I was tired but on the way home we passed two yard sales, being Saturday morning. Laxsmi was surprised but I had to stop and even bought a yard ornament, a little wrought iron goose on a rod for fifty cents. . Yard saleing is a hobby and it made me feel alive to do it. Like an affirmation that there was still possible to have the semblance of a normal life, even if I am now a prisoner of dialysis machine.

Laxsmi wasn’t a yard saler but may have caught the bug. She got several little garden hand tools for a buck a piece that she needs for the new garden she is planning for next spring. She just moved back to New Vrindaban. Plus there was a stainless steel lid for a pot the size she could use in the free box. She uses the same lid for both her sauce pan and her frying pan but only had one. So this was a real find for her.

Part of the appeal of yard sales is cheapness, but the thrill of the hunt is a component as well.

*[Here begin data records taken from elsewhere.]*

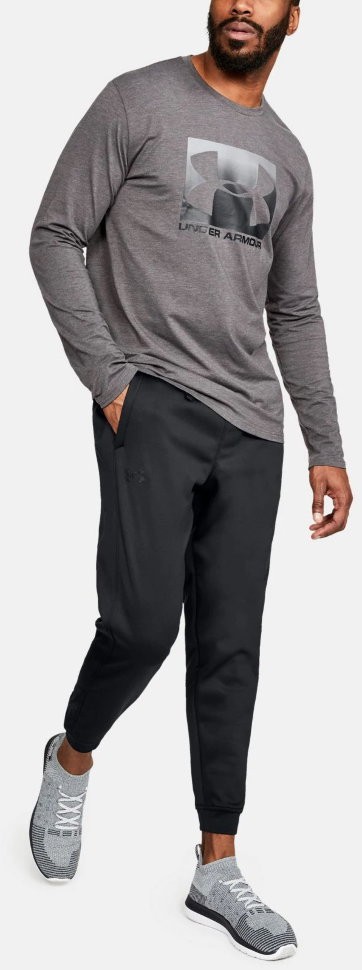 Брюки Under Armour ARMOUR FLEECE JOGGER Black /  / Black 1320760-001 в Екатеринбурге  в Екатеринбурге 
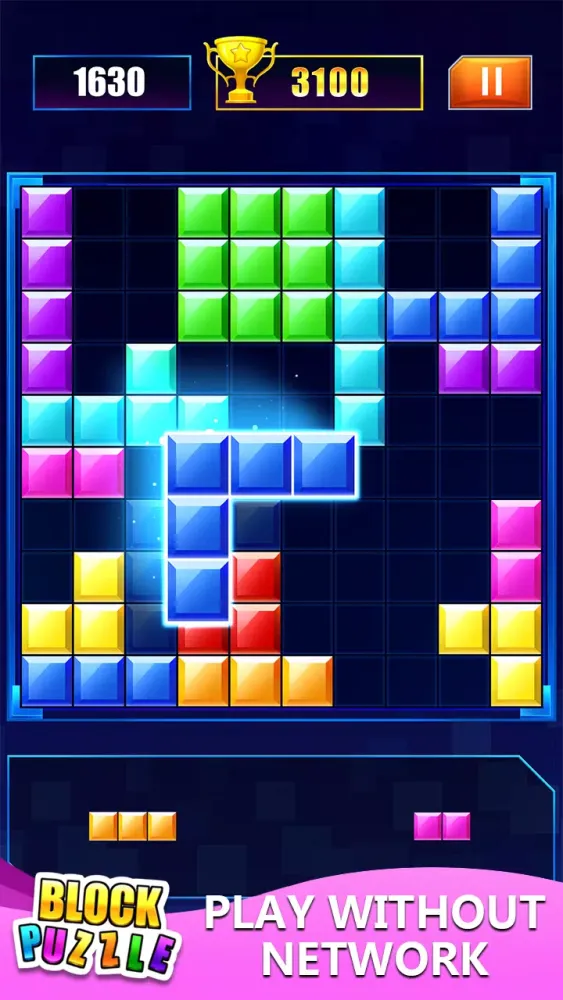 تصاویر Block Puzzle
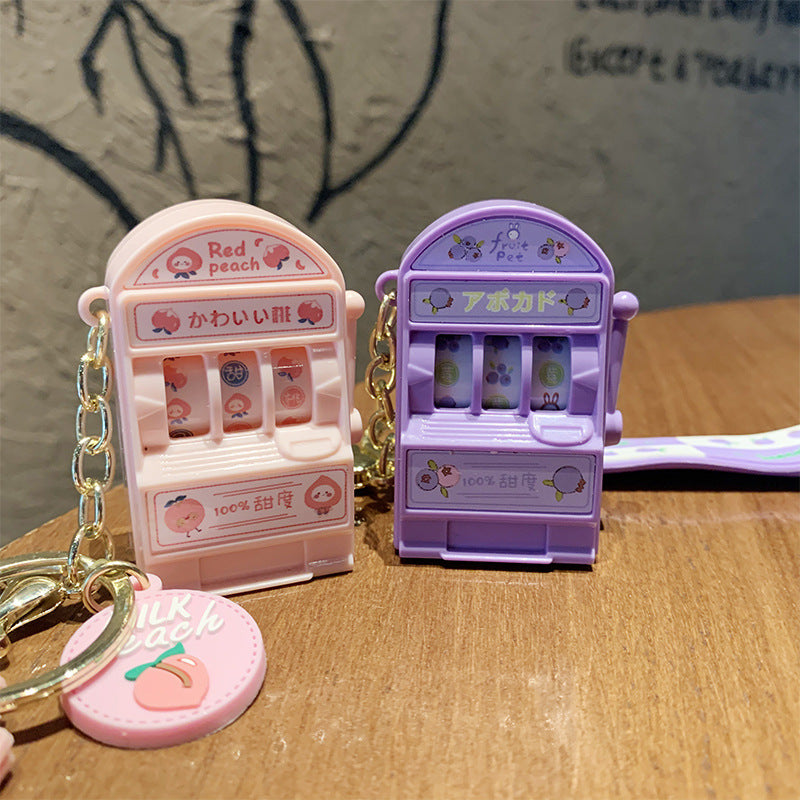 slot machine keychain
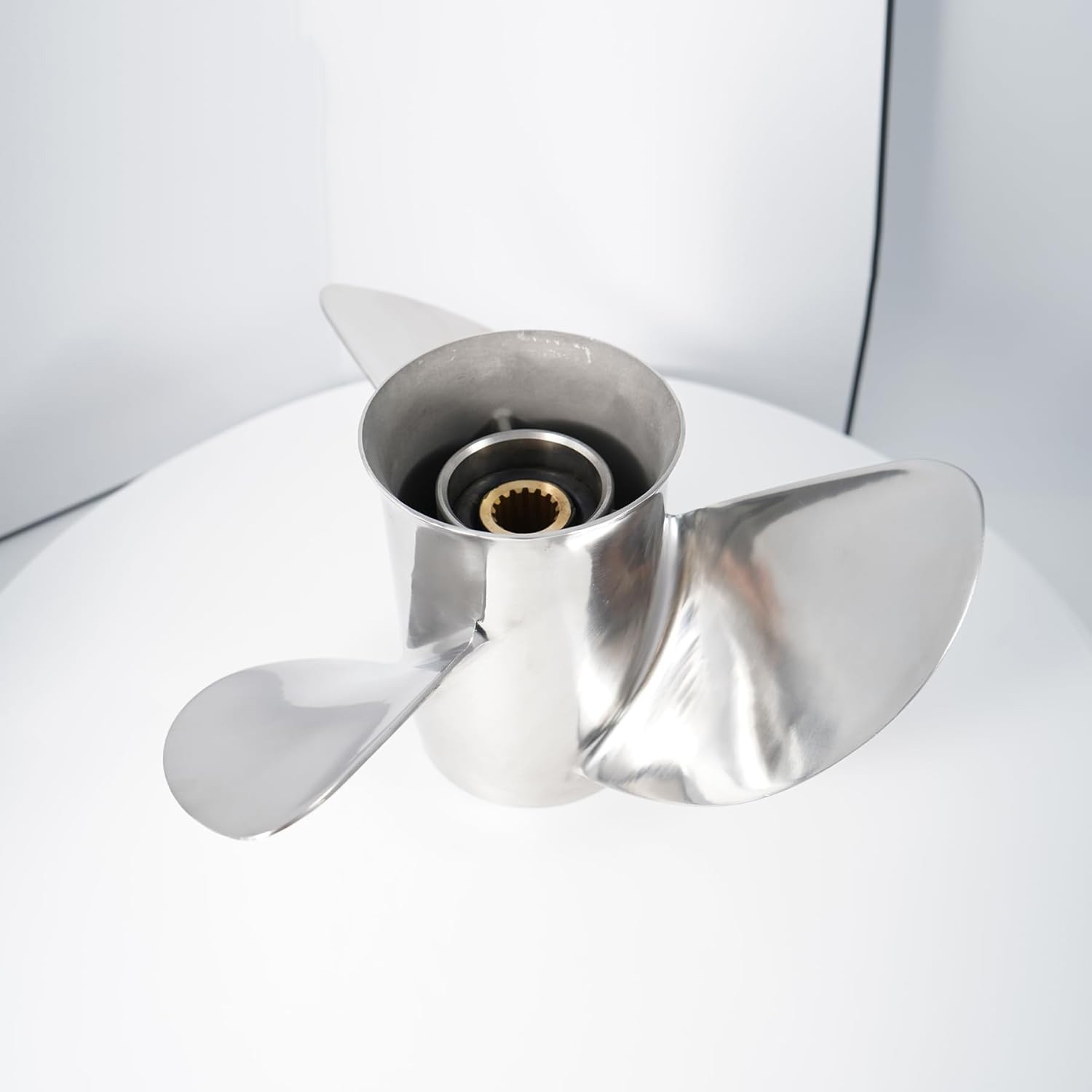 13 x 19-K For Yamaha Outboard Stainless Propeller Boat Motor 50-130 hp 15 Spline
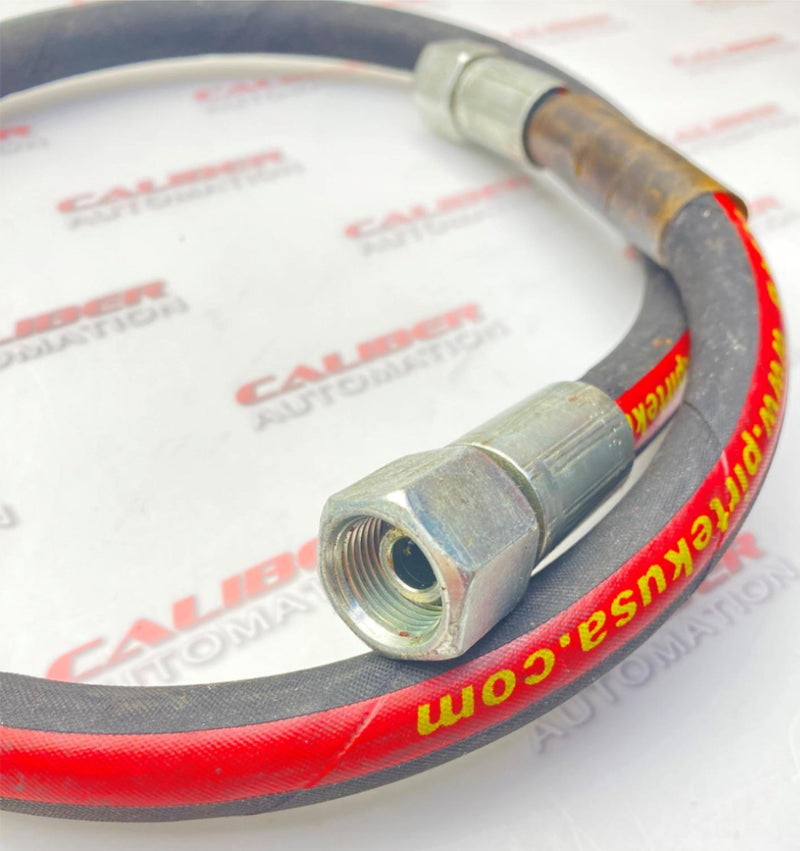 Load image into Gallery viewer, PIRTEK PFMU 35-06 3/8"(9.5mm) WP 5000 pis (350bar) Hydraulic Hose (USED) - Caliber Automation Online Store
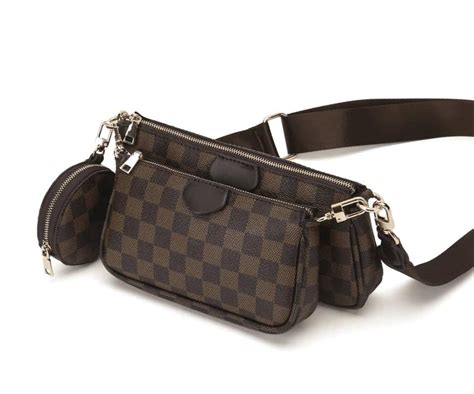 lv bag charm dupe|louis vuitton bum bag.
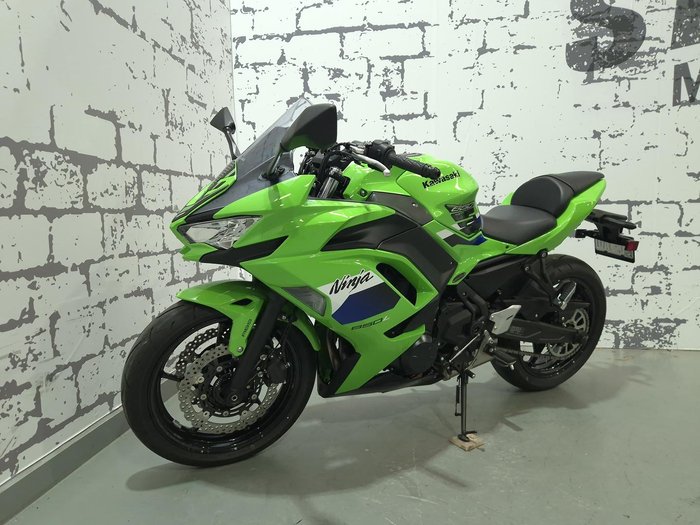 2026 Kawasaki Ninja 650L (LAMS) ABS Ninja Green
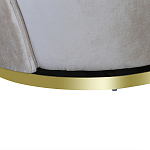 Кресло вращающееся велюровое кремовое Rotation варинант исполнения - 3 | Loft Concept в Уфе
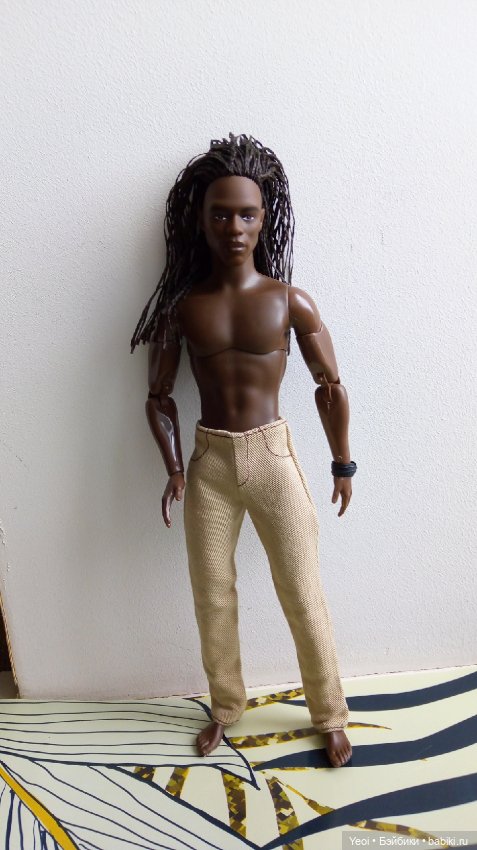 Фото Кена Джона looks от Маттел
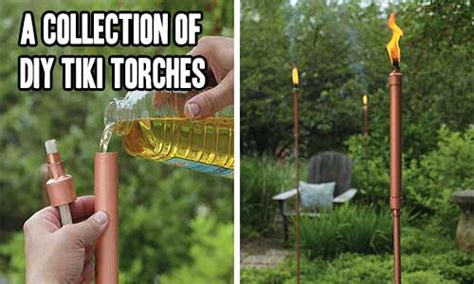 A Collection Of DIY Tiki Torches – iSeeiDoiMake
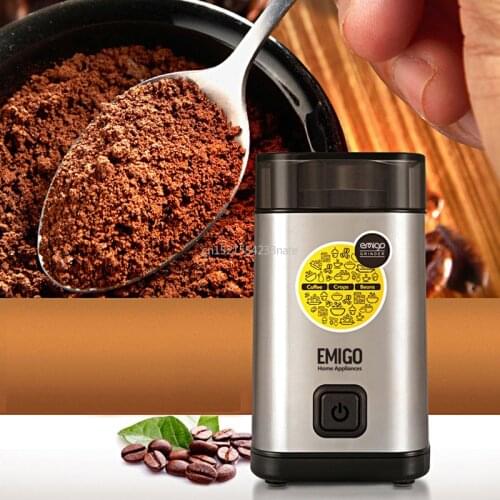 220ml Professional Coffee Grinders Blender Machine Cafetera Maker Espresso Cafetera Bean Kahve Makineleri Roaster kitchen Mixer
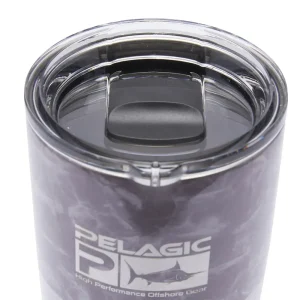 TERMO DE ACERO INOXIDABLE COLOR GRIS VASO TERMICO TERMO PARA CAFÉ TERMO PELAGIC 1264221000-Gry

Anyway we got home and the week that had started the with a visit to the Emergency Room the previous Saturday with shortness of breath had finally ended with a future of dialysis stretching out before me. Something to contemplate as I lay there, but at least I could breath and the option to live was available if I chose to do dialysis.

I had three brushes with death during this eventful week. Pneumonia untreated is fatal, I would have eventually suffocated from the ascites, and the hypoglycemia could have taken me as well. So thinking about my mortality and how I choose to live my life was in the forefront of my mental life as was gratitude for all those who had helped me.

Life in my new body as a dialysis patient had begun.